Strong selling pressures dragged the Sensex below the 9,000 level this week. The benchmark index shed 649 points and plunged 7 per cent in a weeks time and closed at 8674.4 points last Friday. The effects were clearly visible in the sectoral indexes as all the sectors ended in the red last week. Realty and Metal were heavily battered,declining 12.2 per cent and 11.4 per cent respectively.
Inflation reversed its downward trend of the last several weeks and rose from 5.24 per cent to 5.60 per cent for the week ended January 10. The hardening of food prices due to the recent truckers strike brought about this increase. The yellow metal is currently trading at Rs 13,800 per 10 gram and gained 6.4 per cent during the week. The price of crude oil jumped almost 3 per cent during this period and is currently trading at 43.4 per barrel.

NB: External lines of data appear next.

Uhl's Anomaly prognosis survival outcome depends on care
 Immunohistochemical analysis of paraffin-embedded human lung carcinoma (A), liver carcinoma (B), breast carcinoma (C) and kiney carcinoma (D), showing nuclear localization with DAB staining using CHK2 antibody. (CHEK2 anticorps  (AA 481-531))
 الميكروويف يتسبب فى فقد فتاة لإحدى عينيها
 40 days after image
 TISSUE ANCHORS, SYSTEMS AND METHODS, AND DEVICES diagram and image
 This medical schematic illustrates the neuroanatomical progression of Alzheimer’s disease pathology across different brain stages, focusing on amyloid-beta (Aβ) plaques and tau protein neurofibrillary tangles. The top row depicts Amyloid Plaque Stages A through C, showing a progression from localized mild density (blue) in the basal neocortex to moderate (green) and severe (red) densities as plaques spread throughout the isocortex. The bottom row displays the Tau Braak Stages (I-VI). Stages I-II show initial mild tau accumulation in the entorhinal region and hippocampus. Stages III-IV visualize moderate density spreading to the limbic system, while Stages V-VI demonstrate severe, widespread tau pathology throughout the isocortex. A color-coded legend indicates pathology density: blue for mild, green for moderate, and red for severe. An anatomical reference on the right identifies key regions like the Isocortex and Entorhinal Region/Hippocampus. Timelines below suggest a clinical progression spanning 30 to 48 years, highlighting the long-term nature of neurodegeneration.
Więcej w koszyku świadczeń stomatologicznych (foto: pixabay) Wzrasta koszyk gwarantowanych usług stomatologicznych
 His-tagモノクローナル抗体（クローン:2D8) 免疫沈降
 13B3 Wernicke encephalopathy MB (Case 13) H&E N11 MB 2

According to Ashoka Ajmera,chairman and managing director of Ajcon Global Services,last week the market was mostly driven by Q3 results of various companies. Says Ajmera: Q3 results were a mixed bag: the net profits of Reliance Industries and Ranbaxy Laboratories declined while that of Bharti Airtel rose. The global cues are still very weak. Unless there is a turnaround,the markets will continue to remain under great pressure.
According to Ajmera,investors should be company specific while investing in the current market,instead of being sector specific. He further adds that you should invest with your own money and not through leverage,and within 12-18 months your investments should show appreciation.